Long before the global reach of Blues & Roots Radio, before the interviews, the writing, the music, and the international community he would help build, there was a young boy in Edinburgh with a football at his feet and a horizon that stretched far beyond the neighbourhood streets. Like many Scottish boys of the era, Stevie’s earliest education came not in a classroom, but on muddy pitches, under grey skies, where discipline, loyalty, and resilience were learned in real time.
This chapter is not simply about football. It is about formation.
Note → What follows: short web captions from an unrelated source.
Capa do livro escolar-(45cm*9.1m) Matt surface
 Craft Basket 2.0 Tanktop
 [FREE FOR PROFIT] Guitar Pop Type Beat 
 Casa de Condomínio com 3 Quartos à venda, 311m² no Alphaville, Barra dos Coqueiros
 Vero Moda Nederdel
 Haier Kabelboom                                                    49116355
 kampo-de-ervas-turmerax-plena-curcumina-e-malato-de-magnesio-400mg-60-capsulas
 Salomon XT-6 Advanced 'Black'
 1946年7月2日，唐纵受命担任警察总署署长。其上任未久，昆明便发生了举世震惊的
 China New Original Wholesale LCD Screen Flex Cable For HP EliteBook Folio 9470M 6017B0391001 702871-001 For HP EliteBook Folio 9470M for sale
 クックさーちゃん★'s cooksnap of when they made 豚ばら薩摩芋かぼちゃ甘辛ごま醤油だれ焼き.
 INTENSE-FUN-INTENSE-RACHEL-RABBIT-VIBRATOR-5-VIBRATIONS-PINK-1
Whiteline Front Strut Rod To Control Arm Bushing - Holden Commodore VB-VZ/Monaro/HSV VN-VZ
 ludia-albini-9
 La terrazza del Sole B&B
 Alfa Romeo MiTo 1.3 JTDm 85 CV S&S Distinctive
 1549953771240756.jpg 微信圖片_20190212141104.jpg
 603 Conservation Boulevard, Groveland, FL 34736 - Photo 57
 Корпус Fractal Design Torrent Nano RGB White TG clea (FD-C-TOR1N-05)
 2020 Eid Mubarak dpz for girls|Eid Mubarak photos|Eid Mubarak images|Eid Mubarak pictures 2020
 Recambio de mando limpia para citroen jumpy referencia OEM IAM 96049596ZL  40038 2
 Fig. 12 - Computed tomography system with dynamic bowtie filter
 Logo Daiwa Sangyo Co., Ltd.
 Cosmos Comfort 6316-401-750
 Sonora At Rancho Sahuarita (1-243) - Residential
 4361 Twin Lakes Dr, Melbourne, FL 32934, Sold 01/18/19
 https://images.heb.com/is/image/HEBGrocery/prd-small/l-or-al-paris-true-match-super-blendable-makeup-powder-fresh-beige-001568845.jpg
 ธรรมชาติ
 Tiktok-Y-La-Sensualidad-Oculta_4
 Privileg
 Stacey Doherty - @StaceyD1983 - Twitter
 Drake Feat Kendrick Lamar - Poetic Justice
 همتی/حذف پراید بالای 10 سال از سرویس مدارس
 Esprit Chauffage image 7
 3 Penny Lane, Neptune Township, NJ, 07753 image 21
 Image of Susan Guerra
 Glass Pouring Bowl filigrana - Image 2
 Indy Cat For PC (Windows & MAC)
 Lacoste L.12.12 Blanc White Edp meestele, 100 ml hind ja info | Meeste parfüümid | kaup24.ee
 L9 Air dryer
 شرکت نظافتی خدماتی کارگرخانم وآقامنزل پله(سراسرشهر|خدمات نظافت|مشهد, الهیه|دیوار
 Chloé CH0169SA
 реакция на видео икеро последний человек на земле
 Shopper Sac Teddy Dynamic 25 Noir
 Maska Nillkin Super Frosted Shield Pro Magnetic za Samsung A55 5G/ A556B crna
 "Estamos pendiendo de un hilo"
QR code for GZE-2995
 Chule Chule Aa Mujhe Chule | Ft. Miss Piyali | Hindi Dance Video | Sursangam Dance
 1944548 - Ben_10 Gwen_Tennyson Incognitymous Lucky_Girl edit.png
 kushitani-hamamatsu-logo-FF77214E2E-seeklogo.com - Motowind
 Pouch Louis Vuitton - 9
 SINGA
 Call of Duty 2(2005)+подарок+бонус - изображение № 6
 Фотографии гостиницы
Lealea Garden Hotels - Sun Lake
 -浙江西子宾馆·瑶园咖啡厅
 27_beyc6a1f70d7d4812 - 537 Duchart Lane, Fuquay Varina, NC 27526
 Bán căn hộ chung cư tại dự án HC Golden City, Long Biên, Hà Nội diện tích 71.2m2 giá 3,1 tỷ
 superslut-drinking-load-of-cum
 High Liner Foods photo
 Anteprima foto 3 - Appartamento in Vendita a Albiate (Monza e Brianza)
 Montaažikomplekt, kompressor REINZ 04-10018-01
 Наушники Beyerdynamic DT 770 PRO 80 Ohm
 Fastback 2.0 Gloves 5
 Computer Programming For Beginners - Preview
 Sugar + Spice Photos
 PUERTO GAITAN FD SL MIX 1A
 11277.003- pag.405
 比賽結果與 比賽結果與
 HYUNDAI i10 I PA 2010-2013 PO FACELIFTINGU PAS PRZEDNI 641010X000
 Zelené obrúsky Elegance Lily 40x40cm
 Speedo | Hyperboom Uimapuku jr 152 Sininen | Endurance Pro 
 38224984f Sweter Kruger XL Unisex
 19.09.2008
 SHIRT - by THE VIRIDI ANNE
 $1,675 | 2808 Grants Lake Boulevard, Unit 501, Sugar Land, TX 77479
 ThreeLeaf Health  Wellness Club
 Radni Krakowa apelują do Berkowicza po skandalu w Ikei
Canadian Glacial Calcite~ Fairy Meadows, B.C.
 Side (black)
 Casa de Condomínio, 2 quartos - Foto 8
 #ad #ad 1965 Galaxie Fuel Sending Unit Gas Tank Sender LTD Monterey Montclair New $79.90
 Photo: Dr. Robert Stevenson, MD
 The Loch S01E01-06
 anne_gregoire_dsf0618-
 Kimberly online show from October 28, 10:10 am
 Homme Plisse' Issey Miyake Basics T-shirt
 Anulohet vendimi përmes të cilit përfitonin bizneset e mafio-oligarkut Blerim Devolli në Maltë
Connor’s journey through Tall Oaks Boys Club, Salvesen Boys Club, and Edina Hibs places him within a remarkable generation of Scottish youth football, one that produced future legends such as John Robertson and Keith Wright. Yet the power of this narrative lies not in name-dropping or nostalgia, but in the texture of memory: the red jerseys that felt like armour, the quiet authority of seasoned professionals, the ritual of training until dusk erased the ball from sight.
There are cinematic moments here, signing professional forms with Berwick Rangers on the same day George Best stepped onto the pitch, the surreal gravity of a teenage dressing room filled with hardened professionals, and the tantalizing fork in the road when Notts County opened a potential path into English Division One. For many athletes, that crossroads defines a life.
For Connor, it illuminated something deeper.
What makes this chapter particularly compelling is the quiet revelation that the disciplines learned on those Scottish pitches would later echo in a completely different arena. The repetition, the respect for craft, the willingness to show up when no one is watching, these are the same principles that later shaped his musical life and his work as a cultural storyteller.
There is also a profound tenderness running through the narrative. The presence of his parents on the day he signed professional forms, the pride in their eyes, and the later chance encounter with former teammate Micky Donnelly in an Edinburgh taxi all serve as reminders that memory is rarely linear. It folds back on itself, revealing how the past continues to walk beside us.
For readers familiar with Stevie Connor as a broadcaster, writer, and curator of global roots music, this chapter offers a rare glimpse into the crucible where many of those qualities were first forged. The football fields of Edinburgh may seem far removed from the airwaves of an international music platform, yet the connection becomes unmistakable: both worlds demand dedication, rhythm, teamwork, and heart.
The Long Road to Flin Flon is ultimately a story about listening, to instinct, to opportunity, and to the quiet inner voice that tells us who we are meant to become.
In these pages, we meet Stevie Connor before the world did.
A boy chasing a ball across a Scottish pitch.
A young man standing at the edge of possibility.
And, unknowingly, the beginning of a much larger journey.

I began at Tall Oaks Boys Club, a raw bundle of energy and ambition. Football came naturally; I lived with a ball at my feet. After a couple of trials, I signed for Salvesen Boys Club, and overnight the world felt bigger.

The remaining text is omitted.